● RECORDED INFORMATION
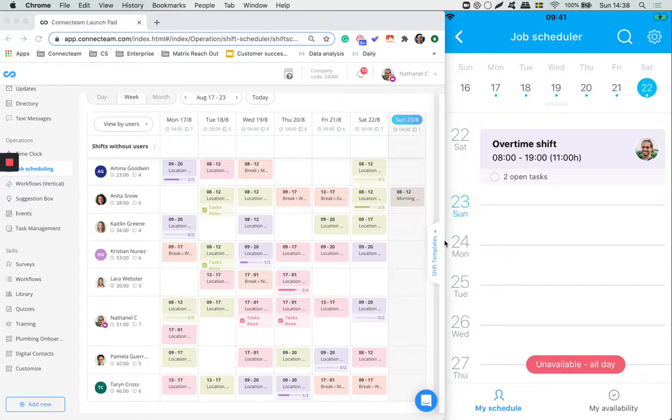On the right side you can see the mobile experience and on the left side you can see the dashboard for admins.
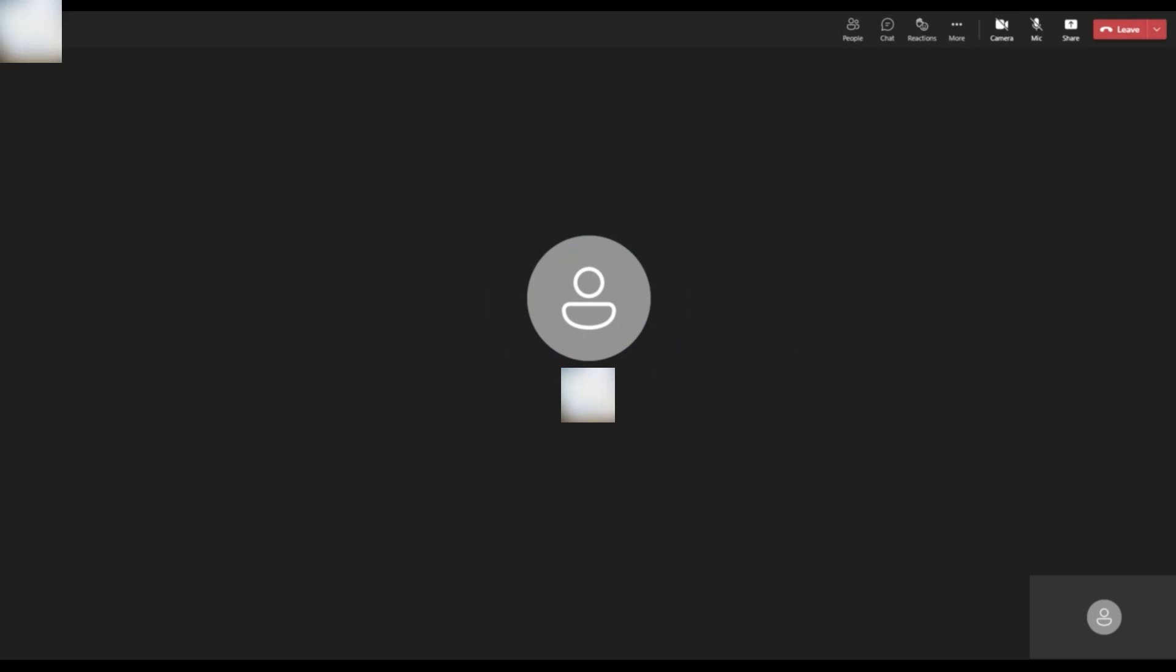What are different life cycle methods of React? So, there are three phases basically mounting, updating and unmounting. Where we have constructor, then the render method, get derived state from props, then component did mount, then component did update, should component update, get snapshot before update and component will unmount.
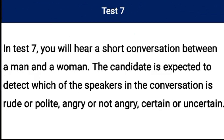In Test 7, you will hear a short conversation between a man and a woman. The candidate is expected to detect which of the speakers in the conversation is rude or polite, angry or not angry, certain or uncertain. The candidate can do this by paying close attention to the rise and fall of the speaker's voices when speaking.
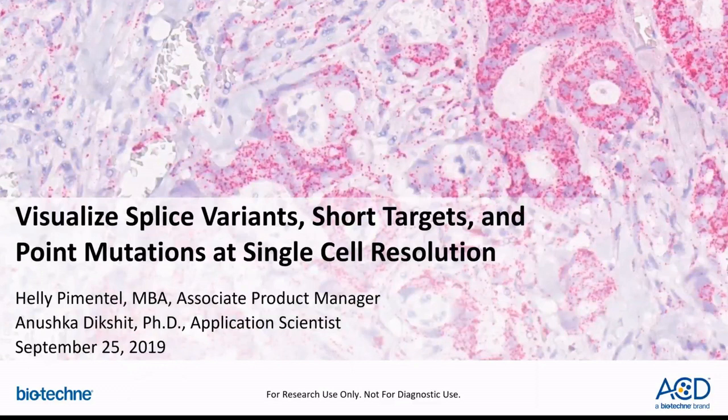Hello, everyone. Thank you for joining our webinar today. My name is Haley Kementel, Associate Product Manager here at ATD. My colleague Anushka Dishit, an Application Scientist, will be co-hosting with me, focusing on the application area that BASCOPE supports.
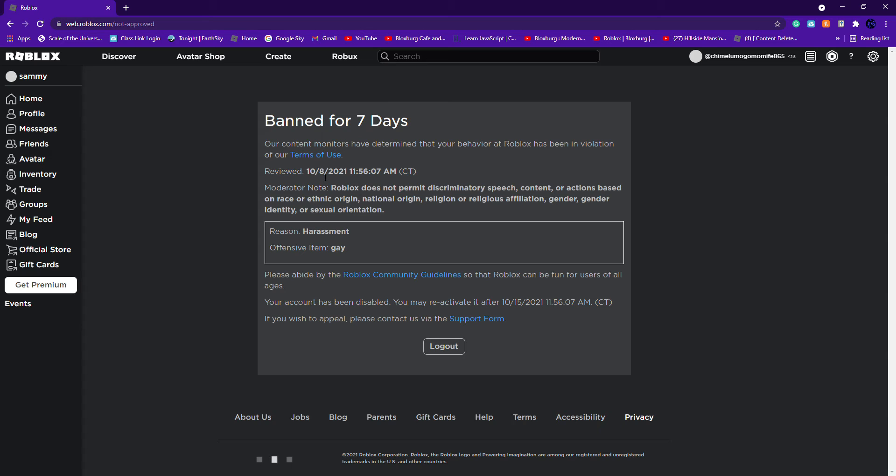This is my friend's account. She got banned for saying gay. My friend got banned for saying gay, she gave me her password so I can log into her account.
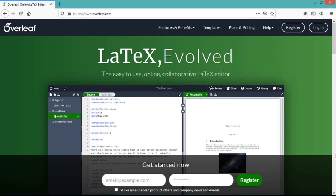Hello everyone, welcome to Mathematical Explorations. In this video we will see how to write Greek letters in LaTeX. Let us open our project in overleaf.com.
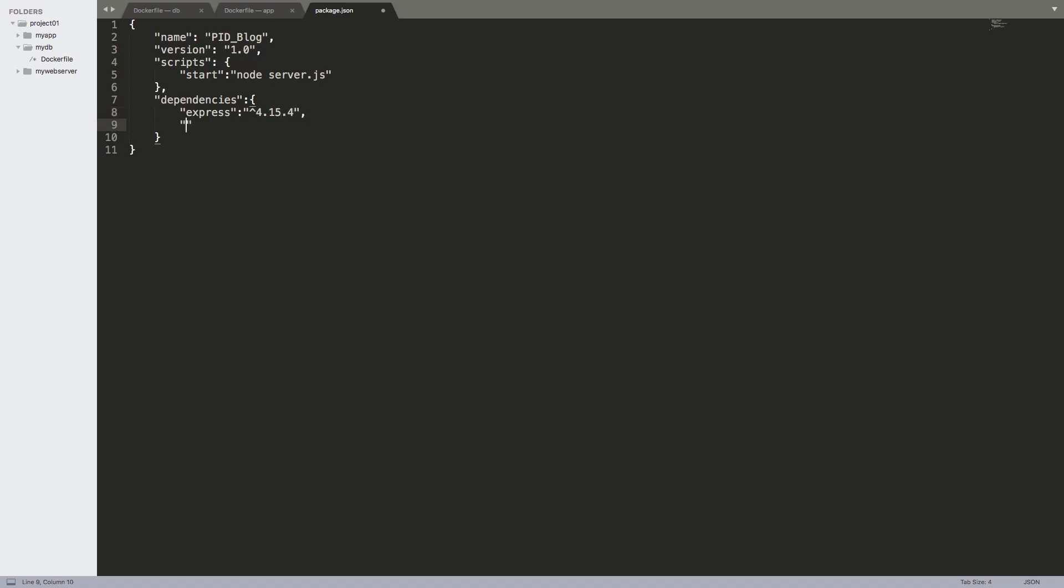We're also going to need body-parser. Don't worry if you don't understand what those packages do. We are interested here in how Docker deals with them, not how they work. So these are just packages that are used by node to create the necessary API that we need. Finally, mongoose. Mongoose is the package that is needed by Node.js to be able to connect easily to MongoDB. And that's it. Now we have a package.json file.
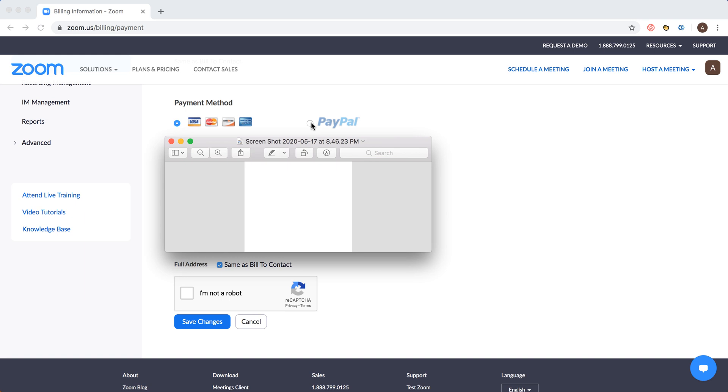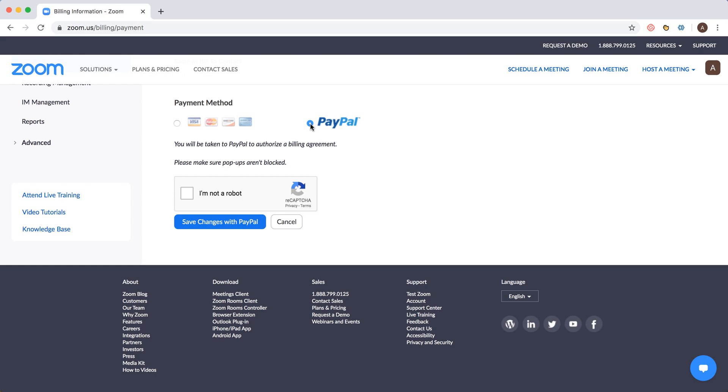Super easy. When you click on PayPal, you just need to fill in the captcha, save changes with PayPal, and then you will be redirected to PayPal.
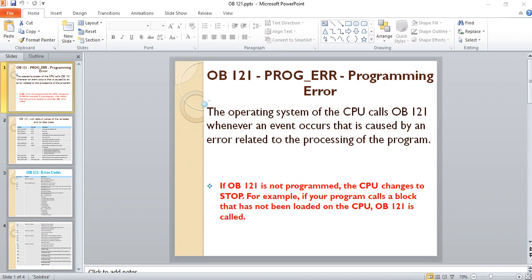If OB-121 is not programmed, the CPU changes to stop mode. For example, if your program calls a block that has not been loaded on the CPU, OB-121 is called.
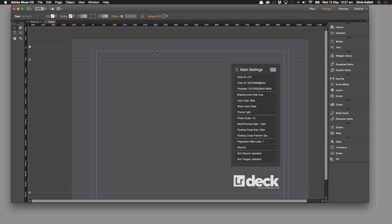Hi there, Chris here. Now we're going to show you the pagination widget which is part of the Lightroom deck package.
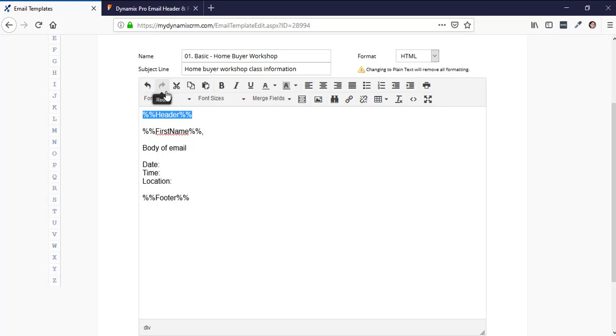Usually the header is your picture, your company logo, your name, and your title. The footer is at the bottom and this is your email signature.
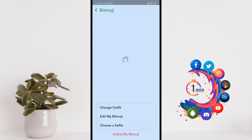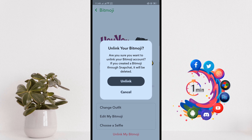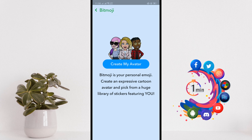Once you find it, click on Bitmoji. Here you can see my Bitmoji showing up. To delete this Bitmoji from Snapchat, click on 'Unlink my Bitmoji', then unlink. Then go back.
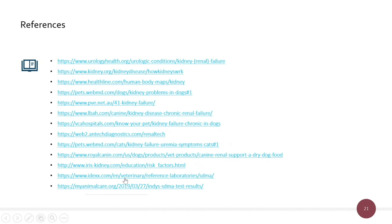Here are the references I used. Does anyone have any questions?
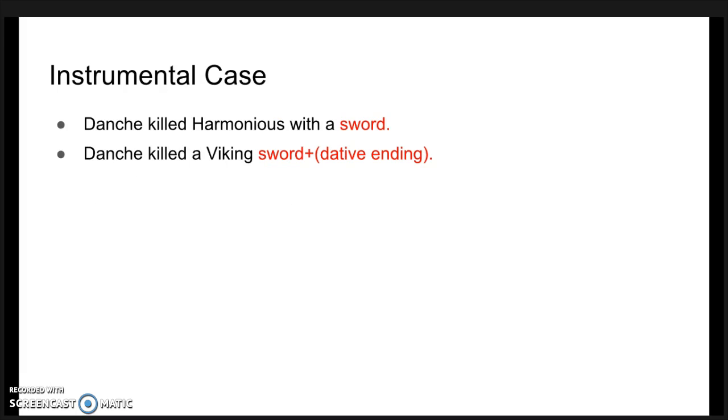An instrumental noun is one that is being used to accomplish something, and it takes the instrumental ending. For example, 'Dantia killed harmonious with a sword', and 'Dantia killed a viking with a sword plus dative ending'.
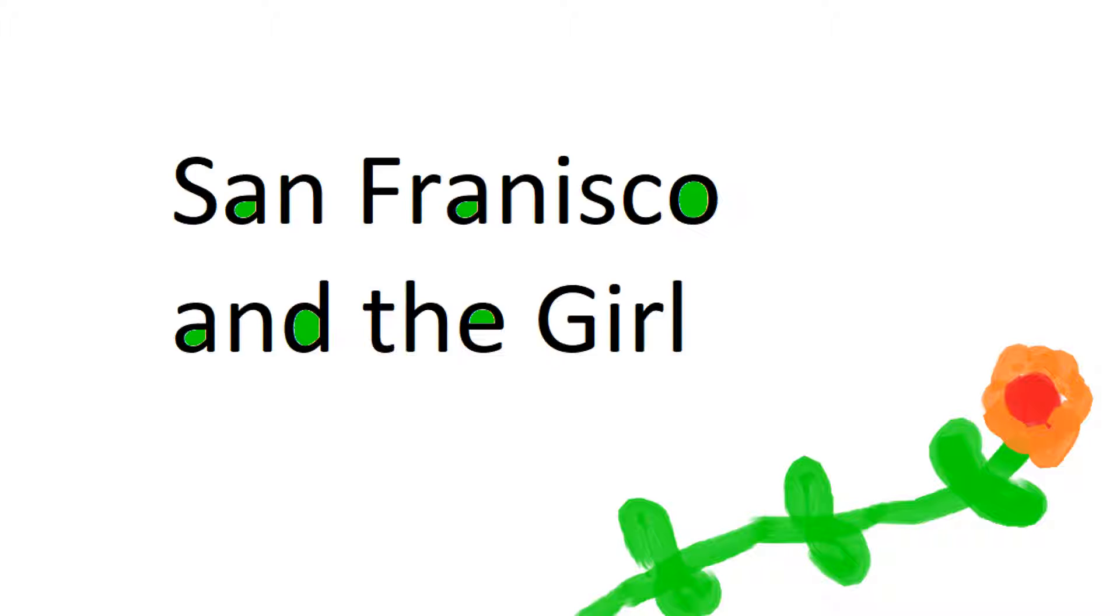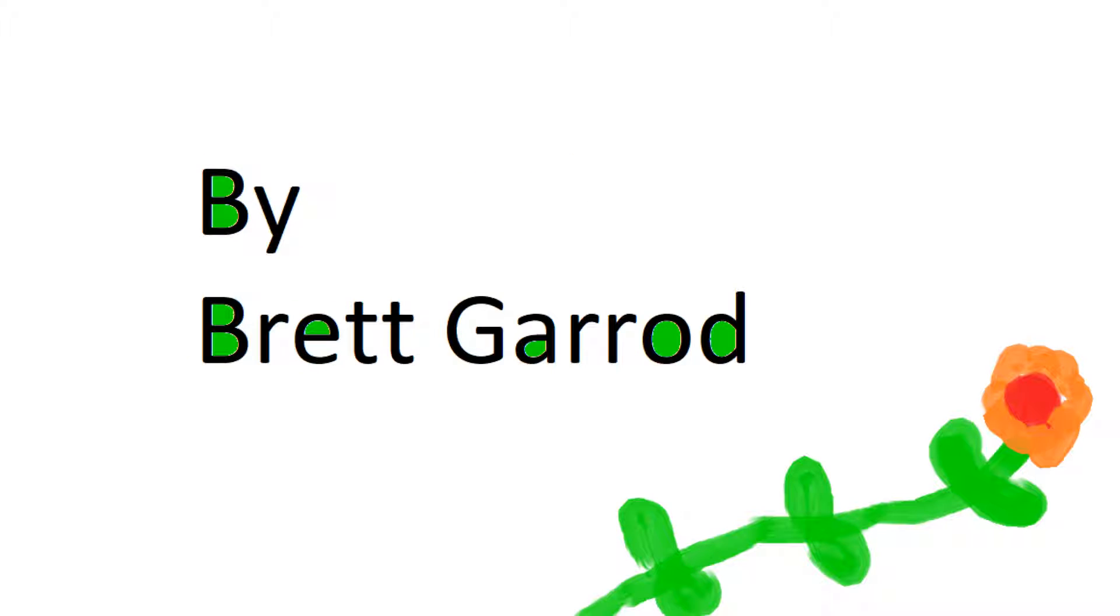If you go to San Francisco, gentle people with flowers in their hair, San Francisco.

● WORK TASK
When you reach an image, pass over it, and retype all other material exactly.

● SOLUTION FOR THIS PROBLEM
On the right side you can see the mobile experience and on the left side you can see the dashboard for admins.
What are different life cycle methods of React? So, there are three phases basically mounting, updating and unmounting. Where we have constructor, then the render method, get derived state from props, then component did mount, then component did update, should component update, get snapshot before update and component will unmount.
In Test 7, you will hear a short conversation between a man and a woman. The candidate is expected to detect which of the speakers in the conversation is rude or polite, angry or not angry, certain or uncertain. The candidate can do this by paying close attention to the rise and fall of the speaker's voices when speaking.
Hello, everyone. Thank you for joining our webinar today. My name is Haley Kementel, Associate Product Manager here at ATD. My colleague Anushka Dishit, an Application Scientist, will be co-hosting with me, focusing on the application area that BASCOPE supports.
This is my friend's account. She got banned for saying gay. My friend got banned for saying gay, she gave me her password so I can log into her account.
Hello everyone, welcome to Mathematical Explorations. In this video we will see how to write Greek letters in LaTeX. Let us open our project in overleaf.com.
We're also going to need body-parser. Don't worry if you don't understand what those packages do. We are interested here in how Docker deals with them, not how they work. So these are just packages that are used by node to create the necessary API that we need. Finally, mongoose. Mongoose is the package that is needed by Node.js to be able to connect easily to MongoDB. And that's it. Now we have a package.json file.
Super easy. When you click on PayPal, you just need to fill in the captcha, save changes with PayPal, and then you will be redirected to PayPal.
If OB-121 is not programmed, the CPU changes to stop mode. For example, if your program calls a block that has not been loaded on the CPU, OB-121 is called.
Hi there, Chris here. Now we're going to show you the pagination widget which is part of the Lightroom deck package.
Usually the header is your picture, your company logo, your name, and your title. The footer is at the bottom and this is your email signature.
Once you find it, click on Bitmoji. Here you can see my Bitmoji showing up. To delete this Bitmoji from Snapchat, click on 'Unlink my Bitmoji', then unlink. Then go back.
Here are the references I used. Does anyone have any questions?
An instrumental noun is one that is being used to accomplish something, and it takes the instrumental ending. For example, 'Dantia killed harmonious with a sword', and 'Dantia killed a viking with a sword plus dative ending'.
If you go to San Francisco, gentle people with flowers in their hair, San Francisco.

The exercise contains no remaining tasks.